Tuttavia, se pure il weekend è stato noioso,
grigio e disperante, non ci sarà –è vero– un contraccolpo così devastante; ma
il continuare della noia, il perdurare di un sottofondo di abbattimento sarà
altrettanto soffocante.
Bisognerebbe dunque cambiare prospettiva,
guardare la questione da un altro punto di vista, correggere il proprio
atteggiamento.
Quando si parla di questi argomenti, un'immagine del genere fa sempre la sua figura. |
Ma se io, il lunedì, decido di cambiare
atteggiamento riguardo a come mi pongo davanti all’inizio delle mie quaranta ore
settimanali di necessaria prigionia, chiaramente è perché mi sento triste e sconfortato.
Questa situazione di sconforto, oltre che
dallo stato del weekend appena trascorso, può dipendere anche da altri fattori
–superiori fastidiosi, compiti noiosi, ambiente di lavoro non ottimale… –
insomma un condizionamento precedente, da cui scaturisce il mio fastidio
odierno.
Basta cercare un attimo e la spiegazione del mio atteggiamento di oggi può
essere trovata in una causa precedente.
E se io oggi mi lamento, è perché tollero male
questa situazione che affonda le sue radici nel passato.

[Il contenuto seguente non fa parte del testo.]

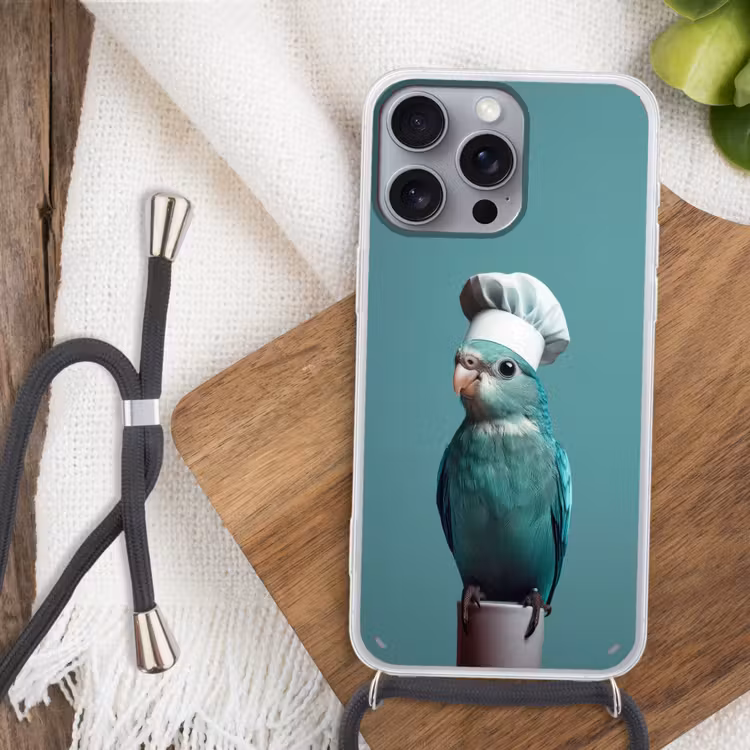 Parkiet - Vogel - Koksmuts - Cute Hoesje iPhone 16 Pro Max met koord klein -sfeer4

Ma va da sé che questa causa precedente deve a sua
volta generata da un’altra causa, per lo stesso motivo.
“Vabbè, ma in questo caso è colpa tua che non fai un lavoro che ti
piace” mi dicono.
Giusto. Possibile.
Ma se oggi non lavoro là è
perché nel mio passato c’è stato un avvenimento (quando ho mandato curriculum
in giro ho trovato questo posto di lavoro offriva dei vantaggi che da altre
parti non c’erano) che mi ha portato alla condizione di oggi.
“Sì, ma allora licenziati e smettila di rompere”. mi si fa notare con cortesia.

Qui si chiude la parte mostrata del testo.